29 – 17 exons, alternatively. ERG can be transcribed to other several splice variants (Owczarek et al, 2004; Sreenath et al, 2011). These splice variants from ERG can be found in two major types, and may be used as prostate cancer biomarkers (Hu et al, 2008). In TMPRSS2-ERG fusion, exon 4 of ERG (the 218nt exon) can be maintained as the main partner of TMPRSS2, and exon 5 of ERG is referred to as a minor isoform (Zammarchi et al, 2013). The use of primers for exon 4 of ERG is seen in the study of TMPRSS2-ERG fusion detection using RT- PCR in urine sediment after digital rectal examination (DRE), yielding a successful detection of fusion transcript with 37% of sensitivity and 93% of specificity (Hessels et al, 2007).
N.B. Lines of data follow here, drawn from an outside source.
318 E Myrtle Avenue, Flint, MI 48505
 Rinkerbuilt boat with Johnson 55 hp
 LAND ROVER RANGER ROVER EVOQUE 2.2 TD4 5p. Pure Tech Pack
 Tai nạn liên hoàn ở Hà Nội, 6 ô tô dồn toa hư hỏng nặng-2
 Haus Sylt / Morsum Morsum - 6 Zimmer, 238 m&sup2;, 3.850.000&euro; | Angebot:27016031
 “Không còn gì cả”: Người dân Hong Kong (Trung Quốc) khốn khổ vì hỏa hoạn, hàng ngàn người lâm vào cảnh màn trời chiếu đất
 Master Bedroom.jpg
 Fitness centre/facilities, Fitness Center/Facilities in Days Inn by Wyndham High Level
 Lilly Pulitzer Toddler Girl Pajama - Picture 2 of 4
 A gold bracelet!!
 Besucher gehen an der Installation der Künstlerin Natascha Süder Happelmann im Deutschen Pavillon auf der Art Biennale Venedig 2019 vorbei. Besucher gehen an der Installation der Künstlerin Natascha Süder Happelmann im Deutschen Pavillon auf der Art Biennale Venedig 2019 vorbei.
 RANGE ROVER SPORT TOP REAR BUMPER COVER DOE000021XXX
Unfortunately, the last two aims were not achieved; the result for the third aim was inconclusive. We were not able to transfect ERG plasmid neither in PC-3 cells nor in HeLa cells (Figure 10). Inefficient plasmid transfection might result from inappropriate or ineffective plasmid concentration, inappropriate transfection reagents, the degradation of the plasmid after the transfection, and excess toxicity in cell lines. The solutions for future studies are to use different cell lines, different plasmid concentration, different transfection reagent, and to better optimize the reagent to plasmid ratio.

As a future development, the effect of FUS binding to TMPRSS2 and TMPRSS2-ERG mRNA transcripts on the prostate cancer cells proliferation should be studied. These prospective research projects should consider using different cell lines and transfection methods in their protocols. Moreover, there is sill a lack of insights on how FUS binds wild-type TMPRSS2 and fusion mRNA transcripts. Additional studies may be performed using bioinformatics approach, such as an RNA-binding protein predictor (RBPPred) to predict RNA and RNA-binding proteins interactions from sequences using the support vector maching (SVM) (Zhang & Liu, 2017), or RNA Bioinformatics Center within the German Network of Bioinformatics Infrastructure for prediction of binding motifs (Backofen et al, 2017).

Conclusion

This master thesis confirms that FUS protein can bind wild-type TMPRSS2 mRNA transcript in LNCaP cells and can also bind TMPRSS2-ERG fusion mRNA transcript in VCaP cells. The results from this study are useful for future research, studying possible effects of FUS binding in the proliferation of prostate cancer cells. Such increased understanding of these molecular mechanisms of prostate cancer may, in the prospect years, benefit patient survival prognosis and therapeutic approaches, such as drug discovery and development.

30

Acknowledgements

The thesis project was performed as a part of a study supported by the grant from the Academy of Finland. Moreover, I would like to express my gratitude to my supervisors, Leena Latonen and Mauro Scaravilli, for giving me this opportunity to work on this project for my master thesis, helping me with daily lab works and giving valuable comments and feedback on the research plan and the thesis. I also would like to say thank you to my family and friends for their encouragements that have been keeping me motivated and inspired to finish my thesis in a given timeframe. Last but not least, I would like to appreciate myself who does not give up when feeling down and tired, and achieves his goal within two years.